The rewards come in many forms. Success. Wealth. Prestige. You’re a fixer. It’s your very own very special superpower. When progress comes to business in the form of success, those who depend upon you are usually grateful for its depth and variety.
Then, you get home. You walk in the door and your spouse immediately unloads to you about what broke bad for them during the day. You know how to do this — or do you? You quickly jump headlong into the problem to fix it! You do what you have been trained to do — you offer a solution (and these are very valuable, superpower-solutions).
But instead of fawning with gratitude, they give you attitude. Your spouse or partner may feel like you’re saying they weren’t smart enough to figure the issue out on their own. Sometimes, your offering of a simple solution minimized the magnitude of the dilemma they faced.
Then, you find your daughter, lamenting that she was not invited to a party with several of her friends. You do what you have been trained to — again. Your search for a quick fix, and she, too, gets irritated.
“Can’t you hear me, dad?” You don’t understand. She shows you the pictures on Instagram. The pics and comments look a little silly, which you are wise enough not to mention.
You suggest she call her best friend to work it out. She looks at you like you are from another, less savvy generation, which of course you are. She drops her head back into her pillow, a clear signal that you and your superpower are no longer wanted there.
Your son is playing in the basement and you sit down to play with him. It’s enjoyable — for a few minutes. Then, your mind gets itchy. Restless. What is your mind doing? It’s looking for a problem to solve — but there aren’t really any problems here. He just wants to play with the motorcycle he built. You want to stay there with him, but your mind wants to be somewhere else — doing something. Which is, of course, the problem.

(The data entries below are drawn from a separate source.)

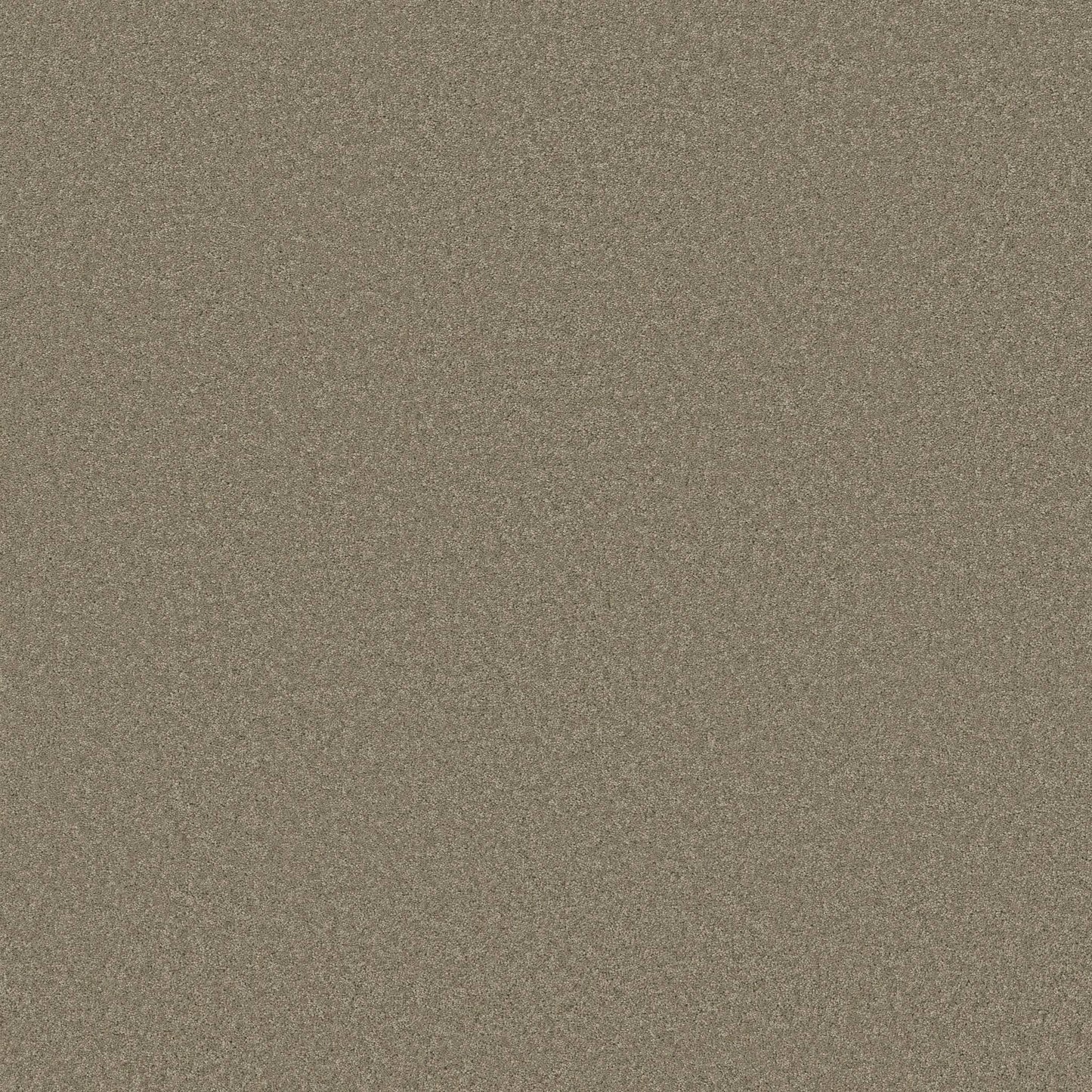 TEXTURE BCF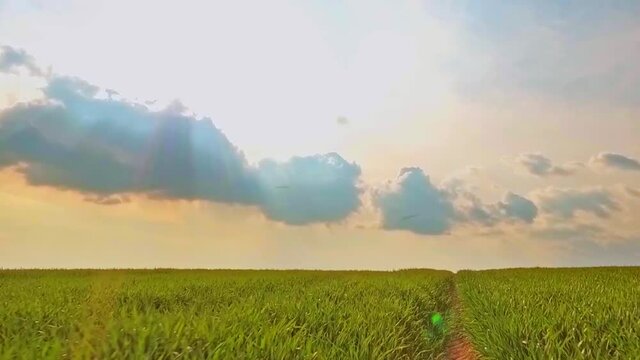 Walk on green field sky with clouds at sunset summer landscape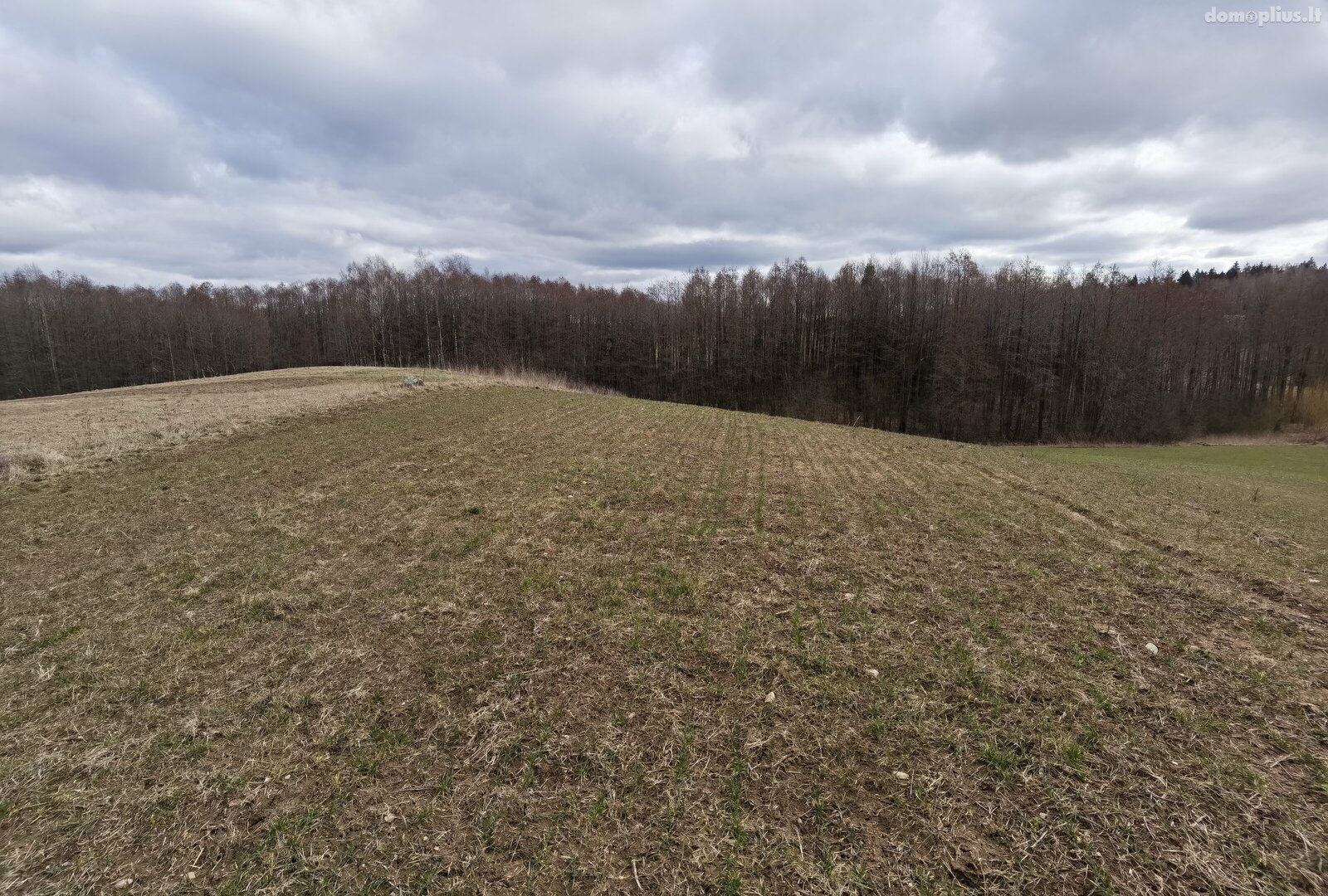 Parduodamas sklypas Alytaus rajono sav., Pivašiūnuose, Ąžuolų g.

Your superpower in the world is doing and taking action, but, it has become your kryptonite at home, where you need to balance that superpower with patience and the ability to remain still. Fortunately, there are at least three ways to build the at-home superpower.
1. Practice presence.
The practice of presence is foundational to quieting our mind, releasing our thinking and analyzing and fixing and solving, for a while. Practicing presence includes bolstering our mindfulness, which involves closely attending to our experience of the present moment, without any effort to improve it or change it at all.

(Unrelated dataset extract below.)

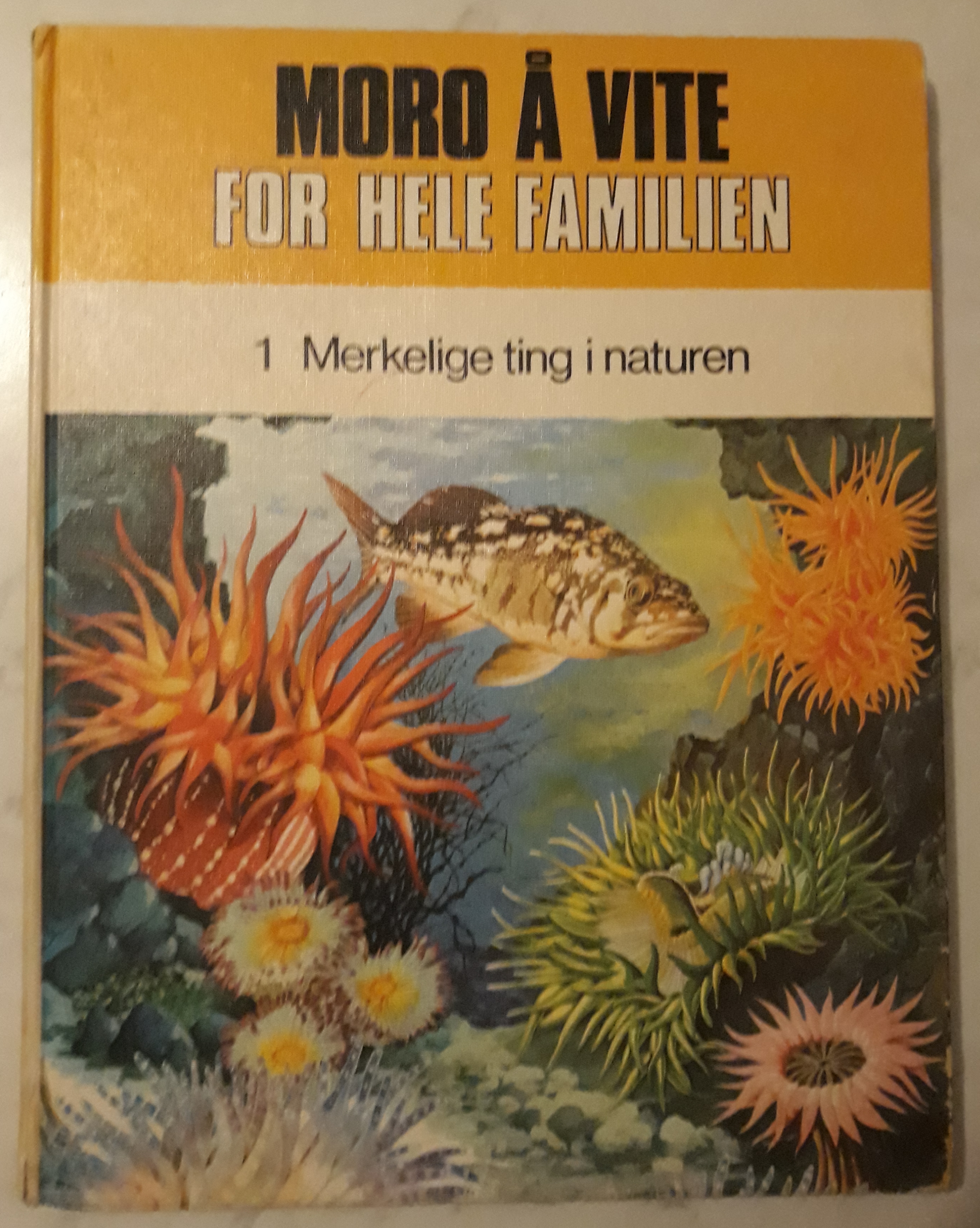 Moro å vite for hele familien. 1. Merkelige ting i naturen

There are all sorts of books and exercises to help you along the way. Wherever You Go, There You Are, by Jon Kabat-Zinn is a classic. You can practice mindful breathing by downloading apps like Headspace, or Calm.
You can schedule 10 minutes of meditation every morning and evening. You can retrain your mind. Sometimes, in practice, I call this mind-numbing, because you have to numb your mind to all that buzzing-to-get-busy stuff. You have to pay attention.
2. Engage in empathy.
Empathy is the ability to understand someone so thoroughly that you can truly imagine walking in their shoes. It turns out, most of the time, your people at home don’t want you to fix something for them, they want you to feel something with them. You can’t fake empathy, even with your superpower, so don’t try to fake this.

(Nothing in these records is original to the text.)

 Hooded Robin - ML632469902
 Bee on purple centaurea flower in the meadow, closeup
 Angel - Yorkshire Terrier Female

Your people want you to feel the weight of a day that broke bad — to feel the rejection of a party that happened without them. They want you to understand how good it feels to simply build a motorcycle.
3. Ask for accountability.
The practice of presence and engaging with empathy are marathons and won’t happen overnight. All marathons require training and many months or years of preparation. Running partners help.
Think about inviting a friend or colleague into any project you participate in, but especially with an accountability project. Get someone serious about helping you with the empathy project, because presence and empathy work is a true quest to fine-tune the most important superpower you can own.
If you can’t think of a good candidate among friends that you trust, there are entire masterminds dedicated to ensuring your power in achieving this kind of balance. It all becomes simpler with help, you are supported in your journey. Being supported by a mentor makes a difference in establishing balance, and balancing action with empathy is the key to making sure you end up with two superpowers, rather than one frustrating piece of kryptonite.